Medtronic, Inc. 対 Boston Scientific Corp. 事件

Nos. 2011-1313, -1372,2012,12,18-Sep-12

この事件では、原告が非侵害の確認訴訟を提起しましたが、原告との間のライセンス契約により、被告が侵害に関する反訴の主張ができないという特殊な状況において、CAFCは確認訴訟の原告が非侵害の立証責任を負うことを明らかにしました。

メドトロニック(Medtronic)事件において、原告が非侵害の確認判決を求める訴訟を起こしたが、原告が被告から特許権のサブライセンスを受けているために、被告が侵害に関する反訴の主張を行うことができない場合には、原告が非侵害を立証する責任を負うことをCAFCは明らかにした。

メドトロニック(Medtronic, Inc.)は、MFV(Mirowski Family Ventures, LLC)が所有する特許権の非侵害及び無効の確認判決を求める申立を提出した。争点となっている特許権は、患者の左右両方の心室を心拍と同時に収縮させるようにすることにより心臓の効率を上げる心臓再同期療法機器として知られる装置に関する。

メドトロニックは、争点となっている特許権の利害関係人との間で、確認判決訴訟によってメドトロニックが有効性、権利行使可能性及び特許権の範囲について異議を申し立てることを認めるサブライセンス契約を締結した。サブライセンスの規約に基づき、メドトロニックは第三者供託でロイヤリティの支払いを開始し、その一方で特許権のうちの一つの有効性に異議を申し立てた。

当事者は、MFVがその特許権によって保護されていると考えているメドトロニックの製品を、メドトロニックに報告するようMFVに義務付ける訴訟停止契約(litigation tolling agreement)を結んだ。

見解が相違した場合、訴訟停止契約はメドトロニックにライセンスを保持する権利を認める一方、裁判の中で確認判決を求めることをメドトロニックに義務付けていた。2007年に、MFVは、MFVがその特許権を実施していると考えるメドトロニックのいくつかの製品を特定した。訴訟停止契約に従い、メドトロニックは確認判決訴訟となる訴訟を提起した。
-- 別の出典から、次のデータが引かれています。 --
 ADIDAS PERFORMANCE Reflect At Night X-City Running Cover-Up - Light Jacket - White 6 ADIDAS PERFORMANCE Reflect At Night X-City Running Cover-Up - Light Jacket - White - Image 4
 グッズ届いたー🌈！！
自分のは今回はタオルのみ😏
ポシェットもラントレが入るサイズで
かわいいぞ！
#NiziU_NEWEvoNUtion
ひとつの重要な事実は、メドトロニックがMFVのライセンスを保持していたために、MFVはどの特許権についても侵害に関する反訴ができなかったという点である。

訴訟全体を通して、両当事者は、特許権者として被告が侵害の立証責任を有しているのか、若しくは原告としてメドトロニックが非侵害の立証責任を有しているのかに関して意見を異にした。
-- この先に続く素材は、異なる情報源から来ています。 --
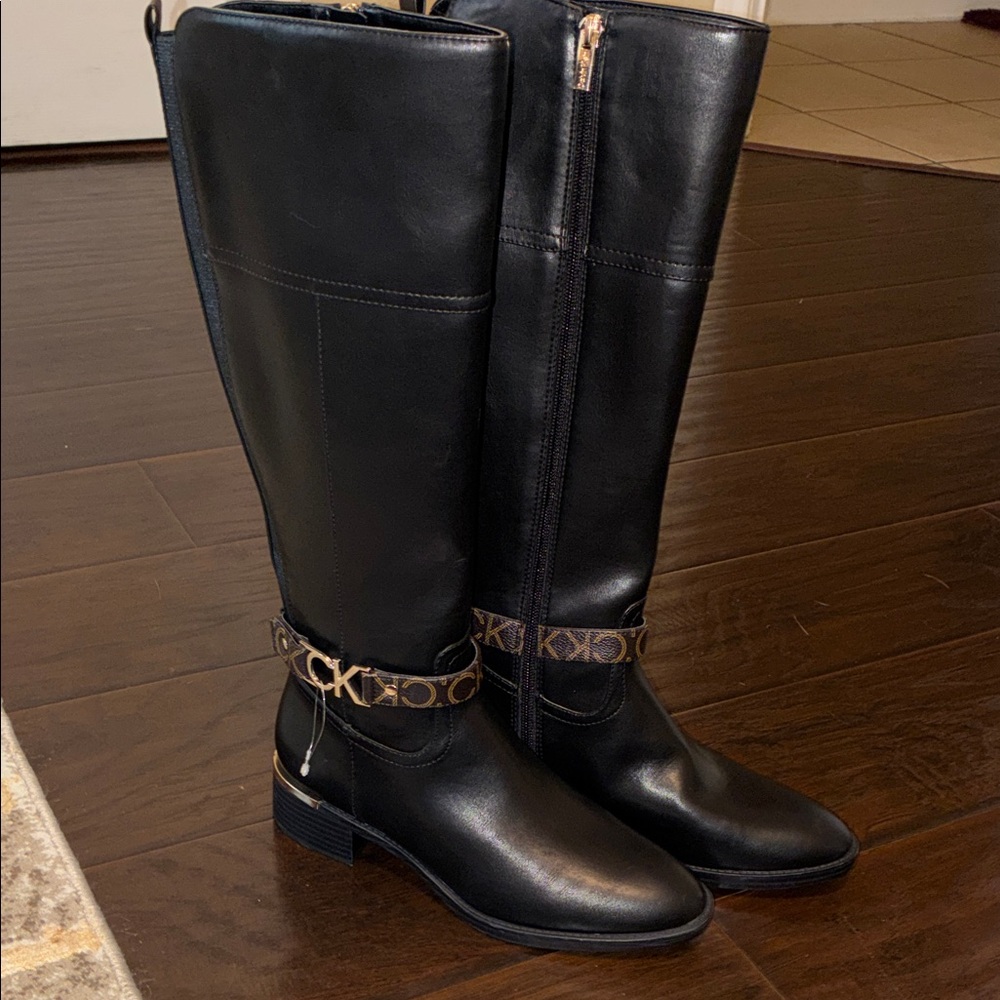 Calvin Klein
Women's Daphny Tall Block Heel Boots Size 6.5 and size 7.5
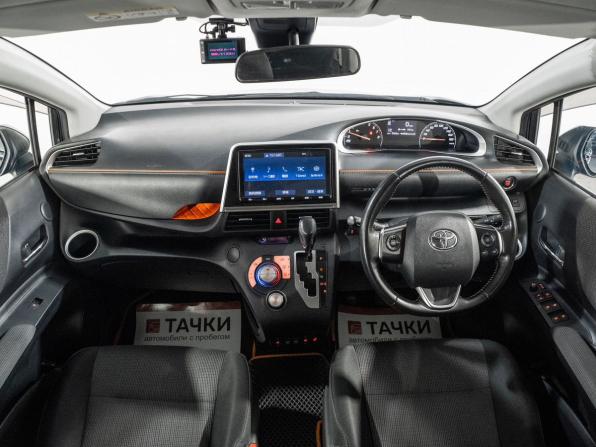 Toyota Sienta II Рестайлинг с пробегом 2021 года, цена 1 629 500 рублей, 62998 км, компактвэн, Автокод Объявления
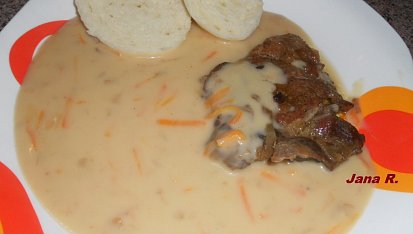 Vepřová plec na zakysané smetaně s mrkví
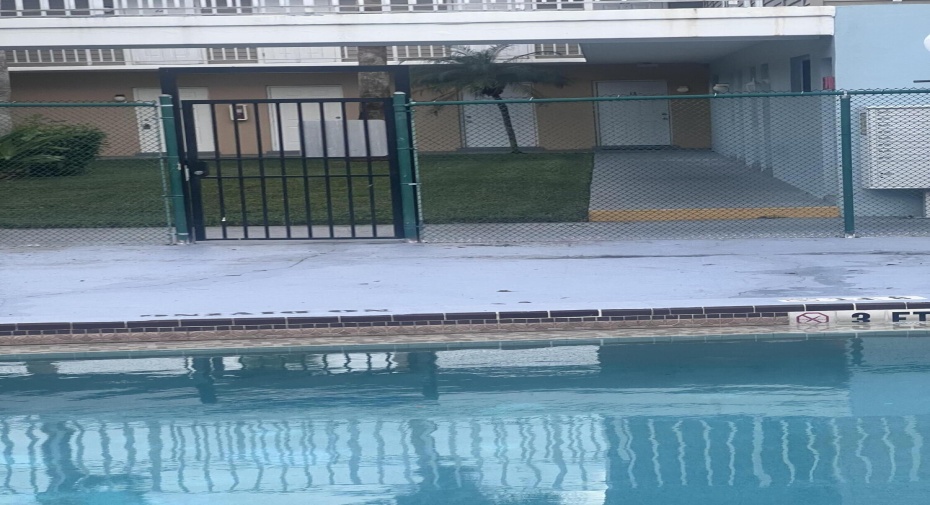 1500 Crescent Circle Unit A13, Lake Park, Florida 33403, 2 Bedrooms Bedrooms, ,1 BathroomBathrooms,Condominium,For Sale,Crescent,2,RX-10936689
一般的に、確認判決訴訟において、被告は侵害に関する反訴または永久に権利を失うことのリスクを主張しなければならない。しかしながら、MedImmune, Inc.対 Genentech, Inc.事件549 U.S. 118 (2007)での最高裁判決に基づき、原告が被告の特許権についてサブライセンスを保有している場合には、被告は侵害に関する反訴の主張を行うことができない。

審理において、地方裁判所は、侵害の立証責任は常に特許権者にあり、故に被告が証拠の優越により立証責任を有すると判断した。そして地方裁判所は被告の専門家は争点となっている製品と関連するクレームの全ての限定を対応付けなかった、故に被告は文言侵害を証明しなかったと判断した。

控訴審において、CAFCは訴訟全体に亘る同じ問題に直面した。それはすなわち、サブライセンス契約に準じて非侵害の略式判決を原告が求めているが、そのサブライセンス契約の存在により被告は侵害の反訴ができない場合の適切な立証責任の割り当てである。

被告は、被告に立証責任があると判断したことにおいて、地方裁判所は単純に(そして誤って)原告が特許権者である場合の従来の特許侵害事件に頼ったと主張した。被告は、メドトロニックが訴訟を始めたことを理由に、メドトロニックにはその事件を立証する責任があると主張した。一方で、メドトロニックは特許侵害の立証責任は常に特許権者にあると主張した。

CAFCは、この一方的な訴訟の提起者として、メドトロニックが非侵害の立証責任を有すると判断し、一般的に事件の現状を変更しようとし、それ故に自然と証拠または説得が失敗したときのリスクを負うべきと予期される当事者に責任は割り当てられるべきであると理由付けた。

ここで、メドトロニックはそのライセンスにより侵害に対する法的責任と無関係であり、そしてメドトロニックが求める救済はもっぱら且つ直接的にライセンスに基づく自身の義務に関係していた。従って、CAFCの論拠に基づき、メドトロニックが立証責任を有する当事者となる。

メドトロニック事件は、確認判決訴訟における被告が、原告との間に存在するライセンス契約のために侵害に関する反訴の主張ができないという特殊な状況に関する。そのような状況において、CAFCは確認判決の原告が非侵害の立証責任を負うことを明らかにした。

CAFC全体または最高裁判所による破棄がなければ、この判決は特許ライセンス契約の原案を作り締結する人々にとって重要である。ライセンサーが侵害の訴訟を提起できないようにするために、ライセンシーがライセンスを保有している場合には、ライセンサーは、ライセンス契約を免れるために表面上は、非侵害の立証をライセンシーに求める可能性があるからである。

Key Point?この事件では、原告が非侵害の確認訴訟を提起したが、原告との間のライセンス契約により、被告が侵害に関する反訴の主張ができないという特殊な状況において、CAFCは確認訴訟の原告が非侵害の立証責任を負うことを明らかにした。